Since August 2024 the Gravity team has worked to support and provide technical consultation during a transition of development teams supporting Canto blockchain. They have also worked to implement and deploy a new version of the Canto.io frontend, together with other community based development teams, that displays lending market positions and provides a simple GUI for liquidations.

This stability of the underlying infrastructure of Canto blockchain and front end now puts the Canto community in a position to decide what to do next.

Ideas for the future of Canto

These are some ideas for how to expand / improve Canto moving forward. Most of these are simple expansions that work well within the current tech and don’t require significant redevelopment. This isn’t a roadmap, but rather an invitation for the community to provide ideas on what may become the roadmap through on chain governance votes.

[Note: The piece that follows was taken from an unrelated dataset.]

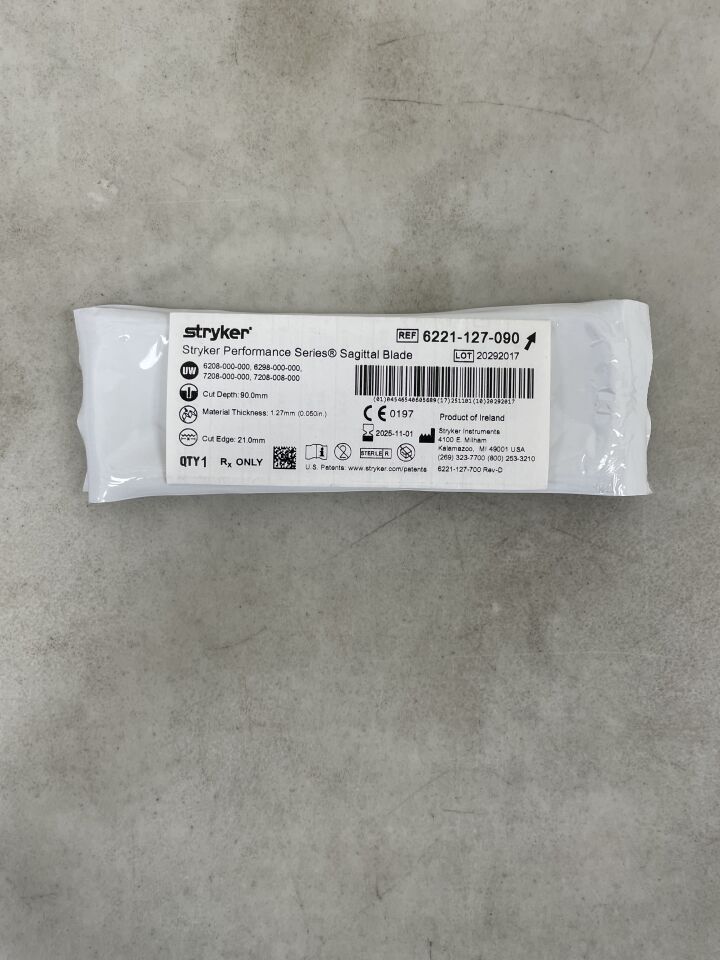 6221-127-090  -  STRYKER  -  System 6 Sagittal Blade: 21mm x 90mm x 1.27mm , ( EA )  -  ( Expiry Date : 2025-11-01 )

Getting the lending market moving

The Note mechanism as it is currently designed isn’t well positioned to leverage illiquid collateral.

Cosmos ecosystem liquid staking tokens represent an attractive option in terms of yield, but due to their volatility will need active liquidation bots as well as a carefully set reserve ratio.

WSTETH and SDAI represent far more conservative options, with comparatively lower yields. A combination of STATOM, WESTETH, and SDAI in the lending market with collateral ratios of 70%, 85%, and 95% seem like reasonable next steps.

These will provide a practical reason to use Note and the Canto lending market outside of the RWA use case, as an upside they may attract significantly more capital with higher possible yields. At the same time the volatility of the collateral means that NOTE will be less stable than it was during the RWA era. But with fully liquid and easy to liquidate token types bad debt should be avoidable.